Is there a trick to be able to use file paths with spaces in Mallet through the terminal on mac?

For example, all of the following give me errors:

escaping the space

./bin/mallet import-dir  --input /Volumes/Macintosh\ HD/Users/MY_NAME/Desktop/en --output /Users/MY_NAME/Desktop/en.mallet --remove-stopwords TRUE --keep-sequence TRUE

double quotes, no escapes

./bin/mallet import-dir --input "/Volumes/Macintosh HD/Users/MY_NAME/Desktop/en" --output /Users/MY_NAME/Desktop/en.mallet --remove-stopwords TRUE --keep-sequence TRUE

and, with double quotes

./bin/mallet import-dir --input "/Volumes/Macintosh\ HD/Users/MY_NAME/Desktop/en" --output /Users/MY_NAME/Desktop/en.mallet --remove-stopwords TRUE --keep-sequence TRUE

and finally with single quotes

./bin/mallet import-dir --input '/Volumes/Macintosh\ HD/Users/MY_NAME/Desktop/en' --output /Users/MY_NAME/Desktop/en.mallet --remove-stopwords TRUE --keep-sequence TRUE

They all want to treat the folder as multiple folders, split on the space:

Labels = 
   /Volumes/Macintosh\
   HD/Users/MY_NAME/Desktop/en
Exception in thread "main" java.lang.IllegalArgumentException: /Volumes/Macintosh\ is not a directory.
    at cc.mallet.pipe.iterator.FileIterator.<init>(FileIterator.java:108)
    at cc.mallet.pipe.iterator.FileIterator.<init>(FileIterator.java:145)
    at cc.mallet.classify.tui.Text2Vectors.main(Text2Vectors.java:322)

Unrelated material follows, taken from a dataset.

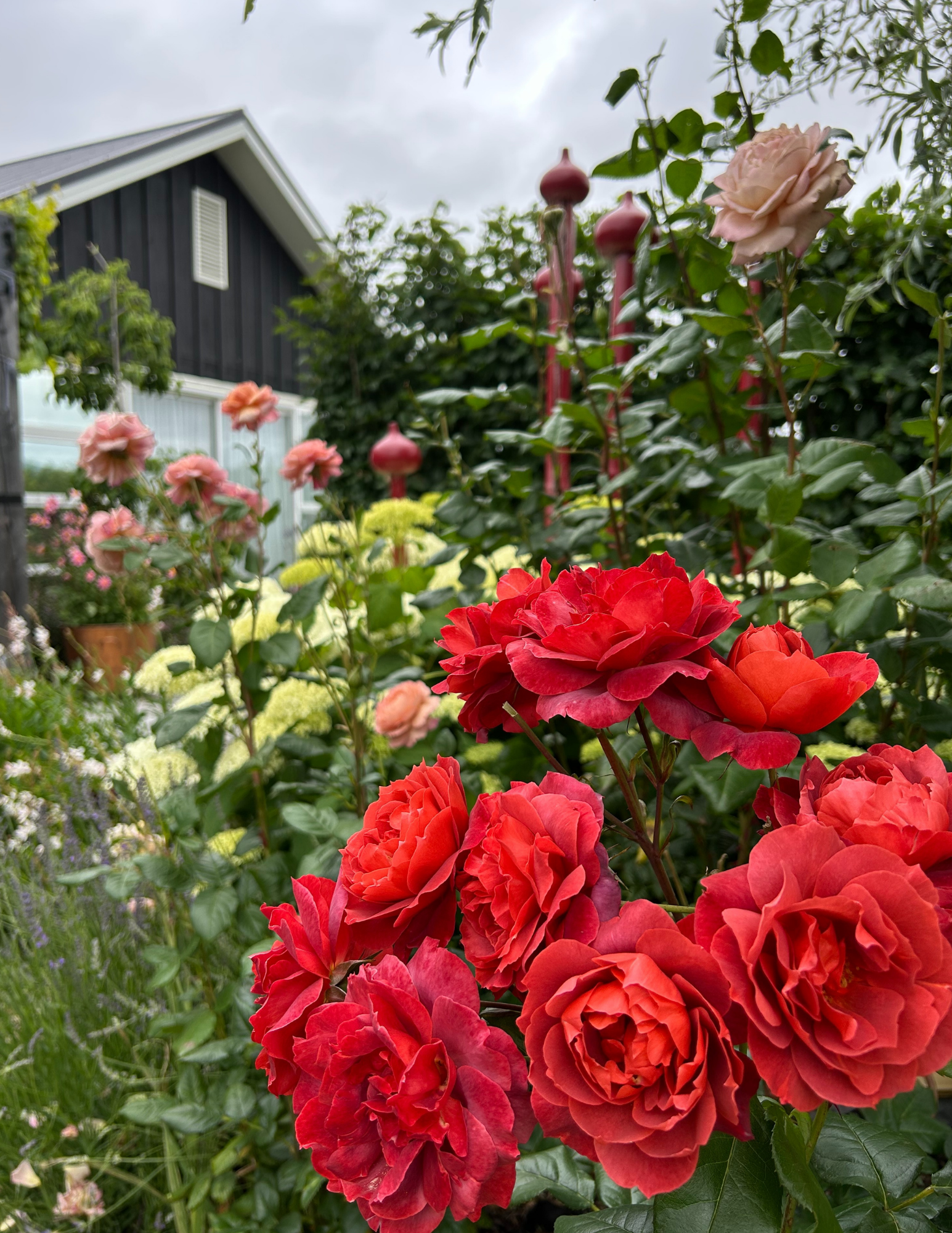 Hot Chocolate rose in the foreground with Annabelle hydrangeas and Cappuccino rose in the background.  The red bamboo poles were made by me.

Is there anyway around this, other than renaming all of my files with spaces to underscores? (I understand that I don't need to type /Volumes/Macintosh\ HD/... but can just start at /Users. This was just an example.)

bigfoot56
  • 71
  • 1
  • 8

2 Answers2

3

The issue is that import-dir is designed to take multiple directories as input. The argument parser would need a way to distinguish this use case from the "escaped space" use case, keeping in mind that Windows paths can end in \.

The best way to support both cases might be to add a --single-input option that would take its argument as a single string.

I also find that the spreadsheet-style import-file command is almost always preferable to working with directories.

David Mimno
  • 1,836
  • 7
  • 7
1

As a work around you could:

(1) write some code to read the directory contents and generate a single examples file for use with:

bin/mallet input-file

Here's the mallet quick-start page for importing which describes the input-file version: http://mallet.cs.umass.edu/import.php

(2) Generate a symbolic link to the folder in a location without any spaces in it

Edward Ross
  • 2,614
  • 1
  • 18
  • 17